NEW YORK - Social TV was the buzz Wednesday on the famed set of Saturday Night Live. With the nation talking about tweets and tagging friends and other social-media jargon, NBCUniversal held a conference to showcase its social-media prowess. Highlights included the Bravo channel's "tweet tracker" and CNBC's 500,000 Twitter followers, which NBCU believes boost its relevance to TV fans and advertisers.

NEW YORK - Social TV was the buzz Wednesday on the famed set of Saturday Night Live.

With the nation talking about tweets and tagging friends and other social-media jargon, NBCUniversal held a conference to showcase its social-media prowess. Highlights included the Bravo channel's "tweet tracker" and CNBC's 500,000 Twitter followers, which NBCU believes boost its relevance to TV fans and advertisers.

The consensus was that social media have the potential, like Internet surfing and browsing in the 1990s and early 2000s, to radically alter the already-fragmented media industry. But how and when were critical unknowns.

Billed by NBCU as a symposium, the conversations ranged from the tangible present to the futuristic, and how the immediacy and reach of social networking might transform television, including the impact of TV advertising.

About 200 people attended the event, and many of them were advertisers. Among the speakers, in addition to those from NBCU, were executives from Twitter, Facebook, Trendrr, Digitas, and GetGlue, an entertainment-based social-networking site with about one million users.

Jimmy Fallon, the late-night NBC comedian, told the attendees about his smartphone apps, including one that features a person peeling a banana. He also talked about his experiences with Twitter.

"We feel like Twitter is a big movement now, and we're trying to figure out how to be part of it," Fallon said, noting that he offers topics - such as crazy things your mother did - for people to tweet.

The conference was held in Studio 8H at 30 Rock, a place Fallon knows well. It's the home of Saturday Night Live, and Fallon was an SNL cast member from 1998 to 2004.

Twitter's director of business development, Glenn Brown, said, "Social TV is totally inevitable and it's happening right now." He was commenting on people who tweet during TV shows. He and others compared this activity to family members watching TV in their living room and sharing their impressions.

Brown also presented graphs that indicated how people respond nearly instantly to events through tweets. He offered as an example the singer Beyoncé disclosing she was pregnant.

Facebook executive Stephen Zangre called social media a "fundamental shift" and reported that his service now had more than 700 million users worldwide. Those users post six billion pictures online a month.

The power of Facebook, Zangre said, was not just in reaching individual fans of a TV show on a Facebook page but in reaching the friends of that fan - a sort of multiplier effect. As one fan comments on a show, his or her impressions reach a vastly larger audience, said Zangre, manager of Facebook's global marketing solutions.

The conference was organized by Peter Naylor, NBC executive vice president of digital media sales. NBCU officials said they believed that social networks could more fully engage fans with brands that advertise on TV shows.

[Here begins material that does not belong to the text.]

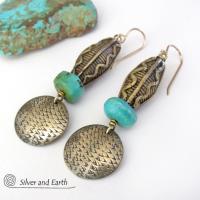 African Tribal Brass Earrings with Turquoise - Bold Exotic Ethnic Tribal Jewelry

Jordan Bitterman, senior vice president at Digitas and one of the speakers, was a believer that social media were radically transforming the business.

"We believe we live in a post-advertising world," Bitterman said. "We don't think this is about broadcasting. We think this is about bringing people in."

Others weren't so sure. "It can seem a fragmented space and there are all these conversations going on all at once," said Ryan Osborn, a director of social media for NBC News.